It’s been seven months since I had my aneurysm, and stroke. It was traumatic and life changing. I’ve lost my apartment, my possessions, my job, and the life style I was comfortable and familiar with – But, what I have is more valuable than any of these things. I have my life, my brain, my family, and my friends. And, therefore, I am blessed.
When I first woke up from my coma, I was told I’d have a job to come back to as soon as I was well enough to come back to work, but with the market the way it is, going back to the search firm in Atlanta may not be the best option.
My brother and his family have cared for me all this time. And, now I’m planning to move on. Its very much like I’m starting all over – like a person who has been born again.
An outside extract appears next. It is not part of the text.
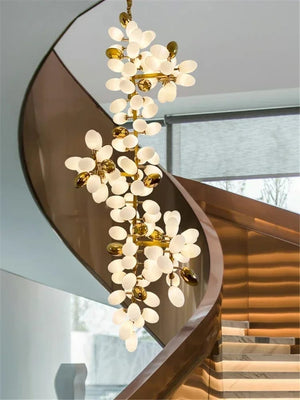 Chandelier hanging above a staircase with a modern interior design.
In fact, I’m going to stay with a friend who has a house in New York, and who is kind enough to welcome me in, offering a place to stay while I pound the pavement, looking for a new job. It’s a tough market out there, but I have my faith, a good skill set, and lots of contacts… And therefore, I’m confident, there’s a job out there with my name on it. I also feel strongly that I’ll have a better opportunity finding work there than any place else. The job market is depressed throughout the country, but based on my research it seems there’s more going on there, than in other places. Plus, I have lots of relationships there.
I feel good about staying with my friend. We’ve been friends for many years, and she has 11 rooms in her house and lives alone. She can use the company, and so can I. We’ll be like the Golden Girls, only younger and better looking… (smile). I’m excited about this. And, I know that I am truly blessed!
This entire experience has presented an amazing opportunity for me. I obviously needed to take time out, look at things from a different vantage point, and reevaluate the path I’ll take moving forward. There is so much to consider as I do this. I plan to keep everything in mind, as I go forward. I’m very much aware of the huge blessing I’ve received that I’m alive, still. My goal is to celebrate my life, and to proceed with diligence, as well as a super positive outlook.
I haven’t made the best choices in the past, but I won’t dwell on any of them. I have a future to look forward to, and I have my health, and thank God, the ability to reason, to strategize and to solve problems. I almost lost these things and therefore, I do not take any of them for granted. Lee Iacocca, learned these lessons about determination – “I learned about the strength you can get from a close family life. I learned to keep going, even in bad times. I learned not to despair, even when my world was falling apart. I learned that there are no free lunches. And I learned the value of hard work.”
I’ve also learned the same lessons as I journey through my brain attack, rehabilitation and recovery. I am an admirer of Lee Iacocca and I greatly respect his insights and accomplishments. I will take his lessons with me as I go on, and incorporate them into my value system as I move forward.
This is a most exciting time for me. I hope to see you again as I’m doing my thing in the big city!